* WORK ORDER *
Please copy, exactly as they appear below, the lines from the one containing "Sciarpa di lana" through the one containing "Puzzle Jigsaw Set".
*** THE DATA Section Begins ***
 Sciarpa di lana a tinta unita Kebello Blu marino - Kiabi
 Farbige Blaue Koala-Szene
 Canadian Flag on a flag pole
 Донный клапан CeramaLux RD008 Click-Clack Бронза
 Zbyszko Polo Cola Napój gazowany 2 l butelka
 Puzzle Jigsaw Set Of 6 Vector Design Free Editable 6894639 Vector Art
*** THE DATA Section Ends ***
*** THE DATA Section Begins ***
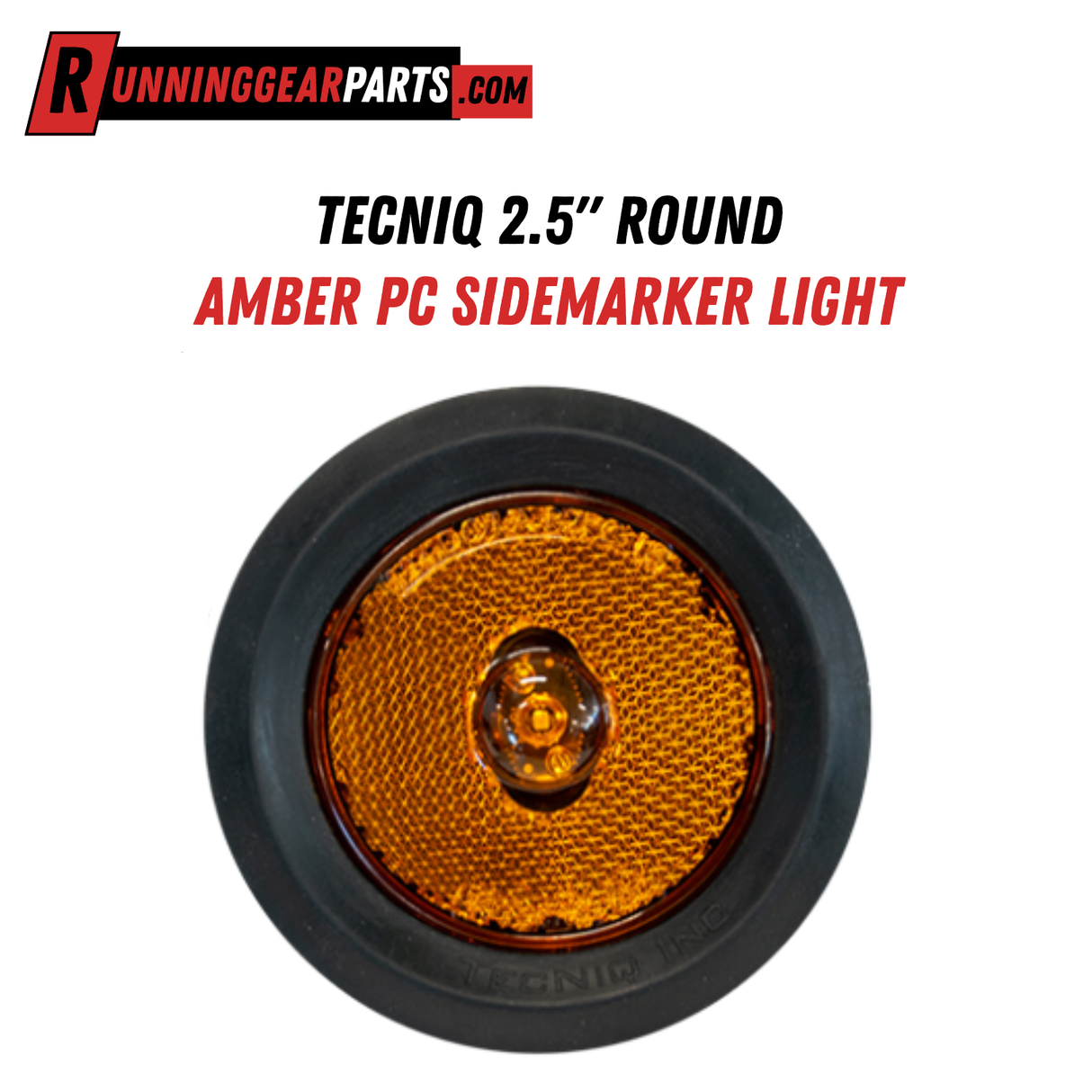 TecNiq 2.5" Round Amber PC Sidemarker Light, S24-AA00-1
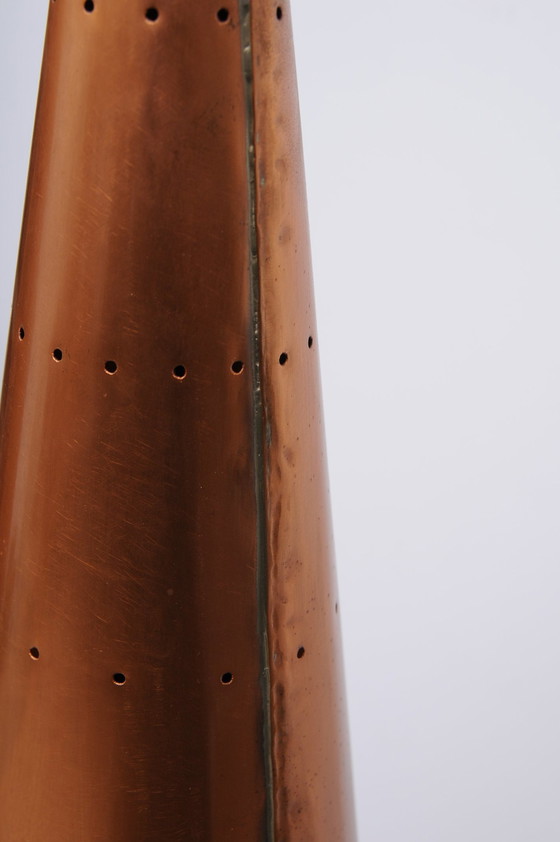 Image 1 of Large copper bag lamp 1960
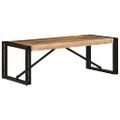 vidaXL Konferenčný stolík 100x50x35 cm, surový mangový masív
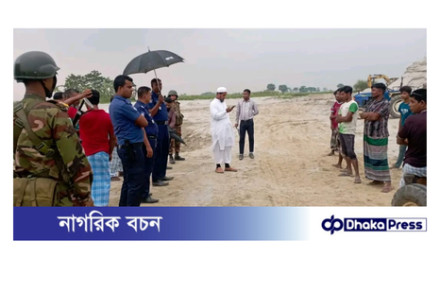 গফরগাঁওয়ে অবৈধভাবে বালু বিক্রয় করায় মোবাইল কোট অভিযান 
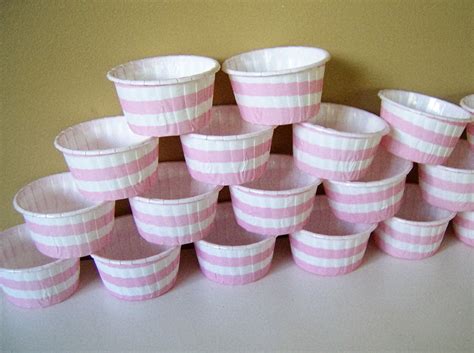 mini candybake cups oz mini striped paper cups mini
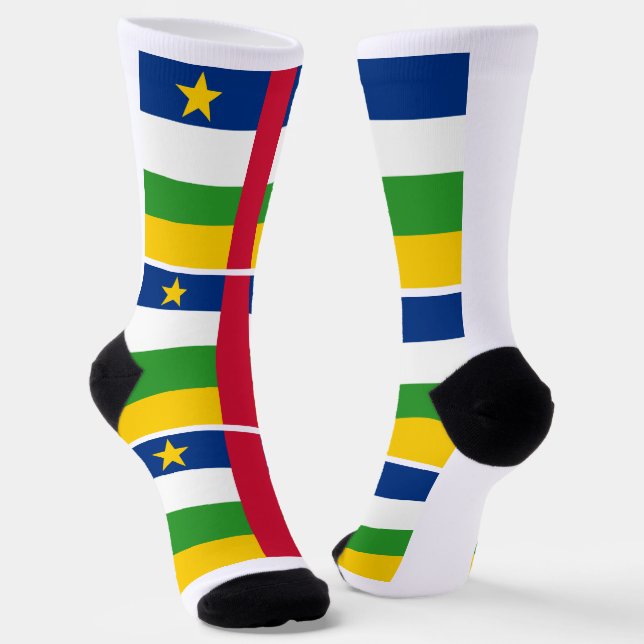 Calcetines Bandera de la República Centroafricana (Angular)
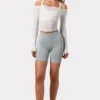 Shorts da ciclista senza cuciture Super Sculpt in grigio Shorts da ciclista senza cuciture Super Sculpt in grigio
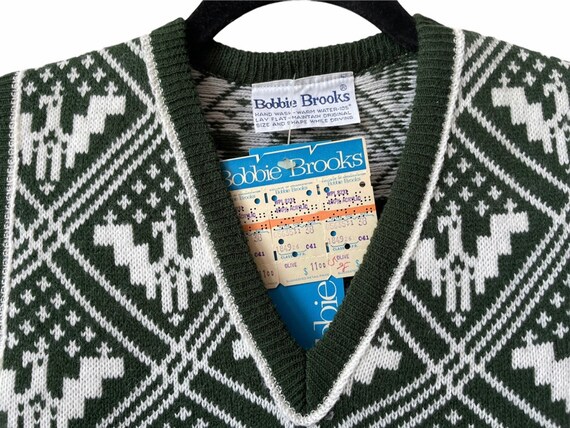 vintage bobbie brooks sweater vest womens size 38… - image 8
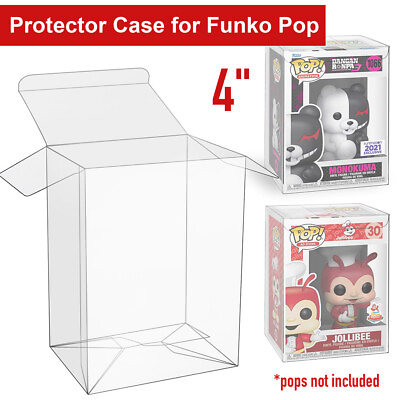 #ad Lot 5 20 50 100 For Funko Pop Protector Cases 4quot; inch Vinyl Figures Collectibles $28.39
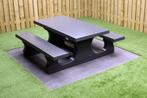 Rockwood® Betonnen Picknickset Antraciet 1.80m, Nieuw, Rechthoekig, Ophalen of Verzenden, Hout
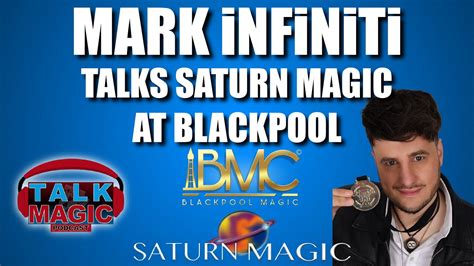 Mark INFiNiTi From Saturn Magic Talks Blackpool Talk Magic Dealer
*** THE DATA Section Ends ***
* YOUR RESPONSE *
 Sciarpa di lana a tinta unita Kebello Blu marino - Kiabi
 Farbige Blaue Koala-Szene
 Canadian Flag on a flag pole
 Донный клапан CeramaLux RD008 Click-Clack Бронза
 Zbyszko Polo Cola Napój gazowany 2 l butelka
 Puzzle Jigsaw Set Of 6 Vector Design Free Editable 6894639 Vector Art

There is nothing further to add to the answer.